__WHAT IS REQUIRED__: Find the word "Chair" in the records below. List each line containing it.

__RECORDS PROVIDED__:
--

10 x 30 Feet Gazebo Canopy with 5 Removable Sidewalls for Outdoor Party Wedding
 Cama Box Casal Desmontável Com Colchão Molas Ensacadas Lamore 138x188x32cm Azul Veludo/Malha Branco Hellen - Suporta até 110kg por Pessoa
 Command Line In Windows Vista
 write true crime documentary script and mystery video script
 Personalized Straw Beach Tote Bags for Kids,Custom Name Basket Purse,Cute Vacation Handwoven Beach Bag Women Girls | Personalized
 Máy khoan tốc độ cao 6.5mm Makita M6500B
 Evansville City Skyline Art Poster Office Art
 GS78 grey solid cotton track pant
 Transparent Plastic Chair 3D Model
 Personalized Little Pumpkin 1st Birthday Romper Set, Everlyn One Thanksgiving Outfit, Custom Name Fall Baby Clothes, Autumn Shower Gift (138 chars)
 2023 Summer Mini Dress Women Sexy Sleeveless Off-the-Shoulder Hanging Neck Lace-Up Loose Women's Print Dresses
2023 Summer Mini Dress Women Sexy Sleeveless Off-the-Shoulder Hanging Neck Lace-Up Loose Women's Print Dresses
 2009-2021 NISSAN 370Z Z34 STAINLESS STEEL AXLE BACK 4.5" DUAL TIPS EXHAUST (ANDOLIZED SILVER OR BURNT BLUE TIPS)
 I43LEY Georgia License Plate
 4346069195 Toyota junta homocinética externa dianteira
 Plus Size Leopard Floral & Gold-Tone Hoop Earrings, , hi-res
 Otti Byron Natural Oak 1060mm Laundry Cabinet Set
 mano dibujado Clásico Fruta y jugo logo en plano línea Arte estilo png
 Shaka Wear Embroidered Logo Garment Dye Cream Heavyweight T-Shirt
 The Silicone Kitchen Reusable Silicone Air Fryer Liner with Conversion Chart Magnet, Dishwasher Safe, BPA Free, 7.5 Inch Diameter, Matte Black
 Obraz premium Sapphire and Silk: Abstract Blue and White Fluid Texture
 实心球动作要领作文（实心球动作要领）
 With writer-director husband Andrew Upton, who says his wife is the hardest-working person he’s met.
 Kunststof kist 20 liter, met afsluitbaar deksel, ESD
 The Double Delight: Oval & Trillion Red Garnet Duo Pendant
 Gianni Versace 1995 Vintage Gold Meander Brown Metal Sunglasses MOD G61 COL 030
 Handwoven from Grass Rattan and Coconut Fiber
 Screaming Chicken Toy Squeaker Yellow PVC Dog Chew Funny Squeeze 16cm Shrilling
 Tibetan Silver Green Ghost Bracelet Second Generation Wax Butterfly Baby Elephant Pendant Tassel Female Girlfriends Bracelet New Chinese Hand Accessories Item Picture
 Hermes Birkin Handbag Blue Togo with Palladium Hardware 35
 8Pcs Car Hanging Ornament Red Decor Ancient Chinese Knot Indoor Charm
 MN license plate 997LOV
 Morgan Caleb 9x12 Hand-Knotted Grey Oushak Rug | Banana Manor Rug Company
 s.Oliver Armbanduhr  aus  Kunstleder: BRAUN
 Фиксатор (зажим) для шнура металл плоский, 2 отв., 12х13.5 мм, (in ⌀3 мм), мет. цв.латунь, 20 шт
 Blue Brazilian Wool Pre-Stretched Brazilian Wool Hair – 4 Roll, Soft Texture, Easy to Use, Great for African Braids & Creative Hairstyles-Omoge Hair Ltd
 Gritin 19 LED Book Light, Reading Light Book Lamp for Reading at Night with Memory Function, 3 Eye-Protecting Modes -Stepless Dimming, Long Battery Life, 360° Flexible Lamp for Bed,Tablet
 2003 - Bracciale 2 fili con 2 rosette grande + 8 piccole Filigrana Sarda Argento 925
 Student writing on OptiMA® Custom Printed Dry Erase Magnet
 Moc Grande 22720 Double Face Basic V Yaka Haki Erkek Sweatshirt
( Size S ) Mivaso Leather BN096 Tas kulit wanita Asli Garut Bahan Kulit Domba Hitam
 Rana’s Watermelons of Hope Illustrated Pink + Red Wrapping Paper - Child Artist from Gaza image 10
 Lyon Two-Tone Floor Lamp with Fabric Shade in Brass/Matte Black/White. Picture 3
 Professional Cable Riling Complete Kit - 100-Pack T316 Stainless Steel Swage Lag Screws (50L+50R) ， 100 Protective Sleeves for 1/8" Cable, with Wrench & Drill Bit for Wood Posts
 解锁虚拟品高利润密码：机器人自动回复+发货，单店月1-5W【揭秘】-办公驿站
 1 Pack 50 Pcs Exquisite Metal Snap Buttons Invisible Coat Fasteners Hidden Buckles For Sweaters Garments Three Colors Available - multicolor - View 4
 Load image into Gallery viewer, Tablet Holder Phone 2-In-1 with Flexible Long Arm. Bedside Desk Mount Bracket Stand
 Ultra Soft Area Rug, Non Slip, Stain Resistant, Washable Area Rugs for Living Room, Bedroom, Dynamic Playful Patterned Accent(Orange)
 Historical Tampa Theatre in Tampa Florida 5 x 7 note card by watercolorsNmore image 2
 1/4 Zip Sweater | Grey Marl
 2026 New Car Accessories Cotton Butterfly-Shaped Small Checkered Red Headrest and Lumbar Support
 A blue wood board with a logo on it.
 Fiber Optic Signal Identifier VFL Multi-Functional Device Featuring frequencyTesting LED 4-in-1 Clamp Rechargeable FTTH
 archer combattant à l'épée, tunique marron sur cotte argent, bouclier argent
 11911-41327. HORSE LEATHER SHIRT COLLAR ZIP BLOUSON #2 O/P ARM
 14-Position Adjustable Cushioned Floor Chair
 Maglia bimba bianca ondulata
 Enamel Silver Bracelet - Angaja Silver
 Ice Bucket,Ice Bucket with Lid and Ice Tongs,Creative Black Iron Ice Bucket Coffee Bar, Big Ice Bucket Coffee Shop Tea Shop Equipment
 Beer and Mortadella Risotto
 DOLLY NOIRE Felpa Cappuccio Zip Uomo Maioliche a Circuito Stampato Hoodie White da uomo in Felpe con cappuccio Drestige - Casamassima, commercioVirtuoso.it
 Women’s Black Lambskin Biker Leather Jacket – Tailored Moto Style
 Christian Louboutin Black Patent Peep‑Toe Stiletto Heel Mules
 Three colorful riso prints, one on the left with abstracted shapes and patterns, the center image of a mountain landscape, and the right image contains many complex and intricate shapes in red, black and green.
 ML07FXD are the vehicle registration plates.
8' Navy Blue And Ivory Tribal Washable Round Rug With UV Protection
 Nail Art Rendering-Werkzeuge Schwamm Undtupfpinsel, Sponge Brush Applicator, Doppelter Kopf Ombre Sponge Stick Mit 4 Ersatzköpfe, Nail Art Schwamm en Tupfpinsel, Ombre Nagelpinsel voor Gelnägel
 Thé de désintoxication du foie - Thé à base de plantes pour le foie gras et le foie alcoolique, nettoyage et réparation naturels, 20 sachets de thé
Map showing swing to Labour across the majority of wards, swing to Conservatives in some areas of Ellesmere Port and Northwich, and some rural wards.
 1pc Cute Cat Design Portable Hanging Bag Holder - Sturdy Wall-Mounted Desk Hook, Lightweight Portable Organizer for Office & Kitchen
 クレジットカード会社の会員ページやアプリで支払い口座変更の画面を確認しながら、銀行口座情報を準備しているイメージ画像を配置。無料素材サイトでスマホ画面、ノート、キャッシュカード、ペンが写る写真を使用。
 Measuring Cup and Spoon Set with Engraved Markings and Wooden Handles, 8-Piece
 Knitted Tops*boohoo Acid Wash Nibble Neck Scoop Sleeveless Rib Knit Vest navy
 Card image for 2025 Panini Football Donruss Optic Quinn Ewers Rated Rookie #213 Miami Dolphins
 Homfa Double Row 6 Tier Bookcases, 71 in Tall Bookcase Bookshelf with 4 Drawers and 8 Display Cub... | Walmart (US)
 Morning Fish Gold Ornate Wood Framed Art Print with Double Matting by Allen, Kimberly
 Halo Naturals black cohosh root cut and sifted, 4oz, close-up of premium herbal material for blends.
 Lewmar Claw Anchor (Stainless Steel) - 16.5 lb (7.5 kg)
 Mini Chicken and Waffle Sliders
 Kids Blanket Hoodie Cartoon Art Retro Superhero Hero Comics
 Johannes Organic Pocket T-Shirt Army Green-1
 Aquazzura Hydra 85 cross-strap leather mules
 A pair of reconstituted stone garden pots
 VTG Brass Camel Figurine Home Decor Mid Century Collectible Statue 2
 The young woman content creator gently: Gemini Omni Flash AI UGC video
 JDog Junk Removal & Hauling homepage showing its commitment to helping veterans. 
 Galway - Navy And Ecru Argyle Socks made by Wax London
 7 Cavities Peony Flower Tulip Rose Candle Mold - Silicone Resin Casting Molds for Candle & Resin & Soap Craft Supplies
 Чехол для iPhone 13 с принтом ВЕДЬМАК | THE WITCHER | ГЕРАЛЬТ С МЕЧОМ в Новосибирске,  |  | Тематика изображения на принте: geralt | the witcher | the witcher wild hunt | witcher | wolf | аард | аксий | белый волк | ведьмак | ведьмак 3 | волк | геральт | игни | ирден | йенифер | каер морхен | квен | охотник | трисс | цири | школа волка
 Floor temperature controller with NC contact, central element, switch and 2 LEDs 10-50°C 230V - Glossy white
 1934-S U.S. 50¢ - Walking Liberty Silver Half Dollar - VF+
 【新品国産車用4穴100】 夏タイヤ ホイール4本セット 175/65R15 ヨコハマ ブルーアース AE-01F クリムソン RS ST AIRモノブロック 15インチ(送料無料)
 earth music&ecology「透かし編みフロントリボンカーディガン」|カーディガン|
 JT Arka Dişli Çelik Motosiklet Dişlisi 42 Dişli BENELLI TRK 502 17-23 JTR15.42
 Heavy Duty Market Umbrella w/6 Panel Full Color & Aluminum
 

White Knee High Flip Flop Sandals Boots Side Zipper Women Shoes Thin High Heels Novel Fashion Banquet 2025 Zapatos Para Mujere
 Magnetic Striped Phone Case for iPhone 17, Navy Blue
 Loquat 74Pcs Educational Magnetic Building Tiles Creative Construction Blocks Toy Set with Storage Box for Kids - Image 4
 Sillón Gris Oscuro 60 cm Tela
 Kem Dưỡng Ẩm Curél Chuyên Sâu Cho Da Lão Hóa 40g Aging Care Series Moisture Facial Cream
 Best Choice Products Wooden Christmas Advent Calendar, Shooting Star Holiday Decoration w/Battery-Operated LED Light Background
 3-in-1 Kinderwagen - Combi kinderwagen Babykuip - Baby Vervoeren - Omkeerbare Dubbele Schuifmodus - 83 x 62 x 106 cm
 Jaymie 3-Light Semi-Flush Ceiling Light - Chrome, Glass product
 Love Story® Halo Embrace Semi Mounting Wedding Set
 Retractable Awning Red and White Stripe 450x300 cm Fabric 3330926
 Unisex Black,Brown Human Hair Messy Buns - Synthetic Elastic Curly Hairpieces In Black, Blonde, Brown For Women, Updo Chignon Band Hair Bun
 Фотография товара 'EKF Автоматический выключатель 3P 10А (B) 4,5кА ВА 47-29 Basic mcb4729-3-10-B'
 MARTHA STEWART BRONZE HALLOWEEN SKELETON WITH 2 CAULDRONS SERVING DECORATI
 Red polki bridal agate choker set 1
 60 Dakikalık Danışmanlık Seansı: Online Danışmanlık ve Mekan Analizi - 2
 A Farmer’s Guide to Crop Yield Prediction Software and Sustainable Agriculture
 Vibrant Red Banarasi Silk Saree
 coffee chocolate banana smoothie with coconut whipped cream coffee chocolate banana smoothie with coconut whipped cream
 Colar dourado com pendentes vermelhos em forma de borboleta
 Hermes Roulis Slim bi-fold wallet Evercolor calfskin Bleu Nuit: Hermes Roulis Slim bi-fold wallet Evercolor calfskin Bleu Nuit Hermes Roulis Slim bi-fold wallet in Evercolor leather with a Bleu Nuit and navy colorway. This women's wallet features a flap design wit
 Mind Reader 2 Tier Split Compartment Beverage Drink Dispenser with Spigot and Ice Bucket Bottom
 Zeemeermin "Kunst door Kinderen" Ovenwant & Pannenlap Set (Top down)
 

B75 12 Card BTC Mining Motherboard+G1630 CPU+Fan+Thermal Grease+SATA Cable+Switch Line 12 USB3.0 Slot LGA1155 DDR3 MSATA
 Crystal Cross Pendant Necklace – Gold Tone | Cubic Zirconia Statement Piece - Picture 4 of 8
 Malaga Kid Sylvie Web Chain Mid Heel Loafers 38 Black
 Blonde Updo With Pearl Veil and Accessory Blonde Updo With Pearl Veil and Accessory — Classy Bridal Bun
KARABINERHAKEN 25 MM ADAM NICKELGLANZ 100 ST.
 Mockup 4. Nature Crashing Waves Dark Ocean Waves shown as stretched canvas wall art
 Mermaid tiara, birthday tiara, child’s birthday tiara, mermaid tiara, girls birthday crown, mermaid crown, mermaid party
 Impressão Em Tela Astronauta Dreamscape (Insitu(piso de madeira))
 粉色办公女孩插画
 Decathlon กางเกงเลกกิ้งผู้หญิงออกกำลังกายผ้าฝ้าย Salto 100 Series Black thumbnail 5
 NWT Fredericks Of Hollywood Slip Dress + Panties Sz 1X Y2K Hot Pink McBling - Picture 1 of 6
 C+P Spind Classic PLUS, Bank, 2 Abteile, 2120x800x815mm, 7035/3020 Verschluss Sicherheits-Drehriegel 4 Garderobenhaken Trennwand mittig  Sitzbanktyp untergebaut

--

__RESULT__:
 Transparent Plastic Chair 3D Model
 14-Position Adjustable Cushioned Floor Chair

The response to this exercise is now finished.